The funding accelerates Twelve's goals of defossilizing manufacturing processes, focusing first on emissions generated by aviation. This includes the completion of AirPlant™ One, Twelve's inaugural sustainable aviation fuel (SAF) plant located in Moses Lake, Washington, which is expected to begin production in 2025. AirPlant One is the first of many facilities throughout the country to make E-Jet® fuel, using the company's patented technology to produce SAF derived from biogenic CO2, water, and renewable energy sources which achieves lifecycle emissions up to 90% lower than conventional fossil jet fuel.
TPG Rise Climate has committed up to $400 million in project equity financing to support the development of future AirPlants, which will supply Twelve's E-Jet fuel to customers like Alaska Airlines and International Aviation Group (IAG), parent company of British Airways. Launched in 2021, TPG Rise Climate is a $7.3 billion climate impact fund by alternative asset manager TPG's global impact investing platform.
"We are drawn to companies and founders that have developed and proven unique solutions to complex problems. Twelve is a clear leader in CO2 conversion technology, which is a core part of the power-to-liquids technology stack and the process we believe represents the long-term, scalable solution for SAF production," said Jonathan Garfinkel, a Managing Partner at TPG Rise Climate.
"The energy transition will require a clean alternative to traditional jet fuel. SAF demand continues to grow, and we look forward to partnering with Twelve to build world class capabilities and facilities to meet that demand," added Elizabeth Stone, Principal at TPG Rise Climate and a member of Twelve's board of directors.
In addition to project equity financing, TPG is leading Twelve's Series C round alongside Capricorn Investment Group and Pulse Fund. Twelve has raised approximately $200 million with Fifth Wall, northstar.vc, TGVP, Alaska Airlines' investment arm Alaska Star Ventures, and existing investors, such as Series B lead investor DCVC, Munich Re Ventures, Emerson Collective, and others.

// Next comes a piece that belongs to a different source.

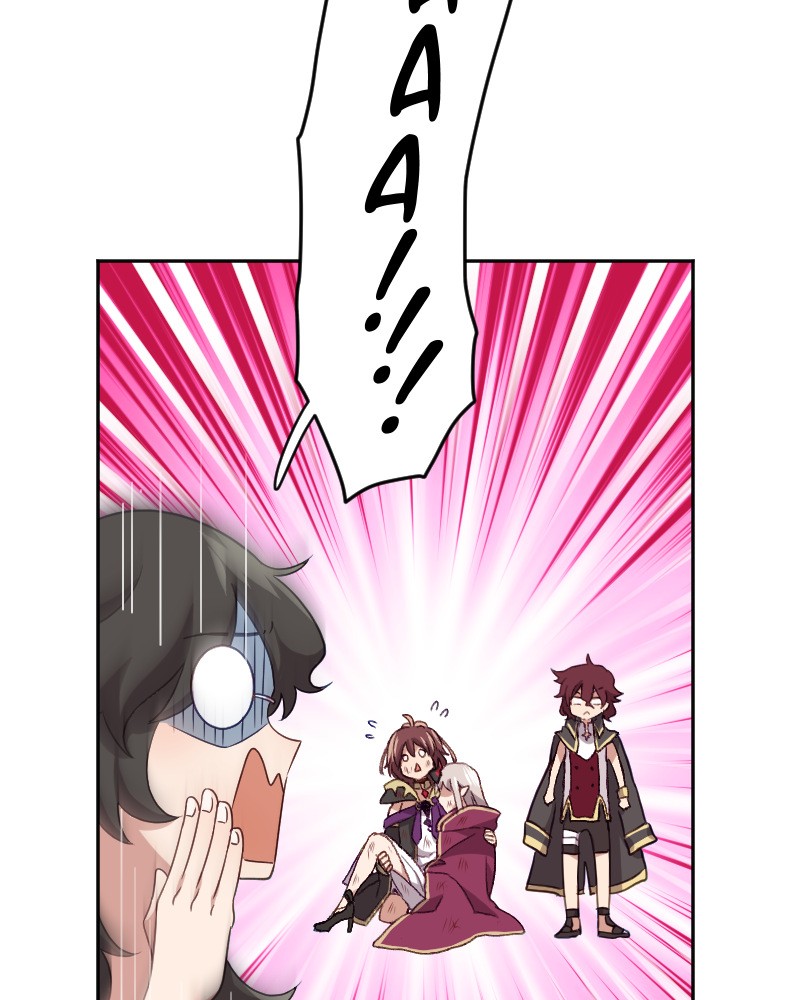 Mage & Demon Queen Chapter 135 page 11 - Chapter 135: [S3] Episode 7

"Over the last several years we have appreciated getting to know the team at Twelve. Together we are building a multi-level partnership to expand supply, mature the market for SAF, and to soon use their E-Jet fuel in our operations," said Diana Birkett Rakow, senior vice president of public affairs and sustainability at Alaska Airlines. "Twelve's technology is promising in the pursuit of long-term scalable supply of SAF. In order to meet our company's – and our industry's – ambitious decarbonization goals, we need new technologies like the one Twelve has developed and commercialized. We are excited to be part of this round of forward-looking funders to make a more sustainable future for aviation possible."
Most recently, Twelve also raised $45 million in total loans across two lenders. Clean energy investment firm Fundamental Renewables provided a $25 million construction loan, and multinational bank Sumitomo Mitsui Banking Corporation closed a $20 million green loan in support of Twelve's carbon transformation technology.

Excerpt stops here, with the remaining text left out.